Optimal Control and Game Theory in Flight Mechanics (IIND-01/C, 6 CFU) [1056505]

Special Master of Aerospace Engineering (Year: 2, Semester: 2)

The course provides theoretical and practical knowledge on optimization techniques for trajectory design, guidance and control of aerospace vehicles. Relevant case studies are simulated numerically (Matlab, GMAT) and the implementation of optimal control algorithms on real flight hardware (FPGA) is proposed as optional lab exercises.

Module 1: Optimal guidance and control

(1) Review of calculus of variations, introduction to optimal control theory and derivation of optimality conditions.

(2) Maximization of the range of a rocket: (a) flat Earth and drag-free analytical solution; (b) numerical solution using unconstrained nonlinear optimization in Matlab.

(3) Time optimal launch: (a) analytical solution assuming flat Earth, single stage and drag free problem; (b) setup of the numerical solver for the TPBVP; (c) numerical solution with mass variation and staging; (d) numerical solution including the effects of aerodynamic force; (e) time optimal landing formulation.
(4) Primer vector theory: (a) minimum-fuel orbital rendezvous with a passive target (introduction of inequality constraints); (b) minimum torque single-axis control of a spacecraft; (c) implementation of  bang-bang and bang-off-bang solutions; (d) optimal control with singular arcs (Legendre-Clebsch condition).

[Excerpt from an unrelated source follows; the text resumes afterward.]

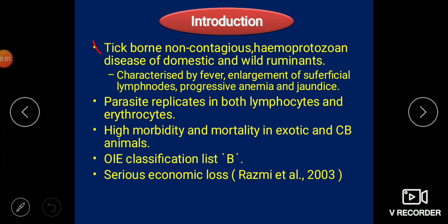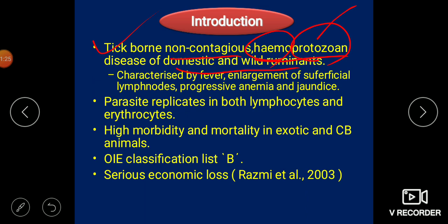This is a disease caused by a tick and it is mostly a non-contagious disease. Unless there is no vector, the disease cannot be transmitted from an affected animal to a healthy animal. This is also a hemoprotozoal disease — 'hemo' means blood and 'protozoan' means an intracellular organism. It generally affects even-footed animals, those who have hooves — domestic and wild ruminants. There are four classical symptoms: fever, enlargement of the superficial lymph nodes such as the popliteal and prescapular lymph nodes, and anemia and jaundice.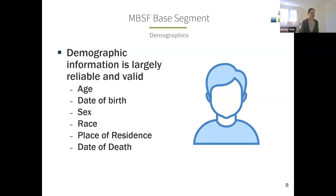The MBSF base segment contains demographic information. Because it's sourced from the Social Security Administration, it is very reliable. Here's a list of the demographic variables in the file. Place of residence comes in the form of state, county, and zip code. Some of the encounter record files do contain date of birth or gender, but we do recommend relying on the MBSF for demographic information over what you'll see in the encounter files, because it is more reliable and consistent.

(5) Minimum-fuel transfer with low-thrust propulsion with applications on: (a) LEO-GEO/GTO transfer; (b) in-orbit servicing far range; (c)  solution using direct/indirect trasncript.

Module 2: Optimal control and actuation

(1) The Linear Quadratic Regulator: (a) continuous and discrete time formulation; (b) exogenous terms; (c) implementation and HiL testing on FPGA.

(2) Linear Quadratic Traking: (a) continuous and discrete time formulation;  (b) application on in-orbit servicing homing manevuers; (c) actuation of commanded (optimal) attitude control.

(3) Linear Quadratic Gaussian controller: (a) review of the Kalman filter; (b) determination of covariance and observation noise from experimental data; (c) LQG implementation and HiL testing on FPGA.

(5) Convex optimization.

(6) Tensor-based formulation of the LQG: (a) introduction to tensor algebra and multilinear dynamical systems; (b) application of the Tensor Kalman Filter for orbit determination of a debris cloud; (c) application of the Tensor LQG for the centralized control of a swarm of satellites.

(7) Interplanetary transfers: (a) minimum-energy internal capture conditions; (b) minimum-fuel transfer from high- to low-energy trajectories through L1/L2; (c) minimum-fuel station-keeping in LPO.

(8) Proportional navigation: (a) optimality conditions, (b) homing guidance, (c) adaptive solutions. 

Module 3: Differential game theory

(1) Introduction to game theory and zero sum games.

(2) Pursuer-Evader games in flight mechanics: (a) cooperative and (b) competitive rendezvous between spacecraft.

(3) 2- and 3-player games with quadratic cost function: (a) 2-party intercept problem in the atmosphere and (b) 3-party intercept problem in the atmosphere.

(4) Modeling zero sum games using the Tensor LQR.




NOTE: All the software used is free or available free of charge for Sapienza students. FPGA development boards can be provided to students for Hardware-in-the-Loop implementation and testing.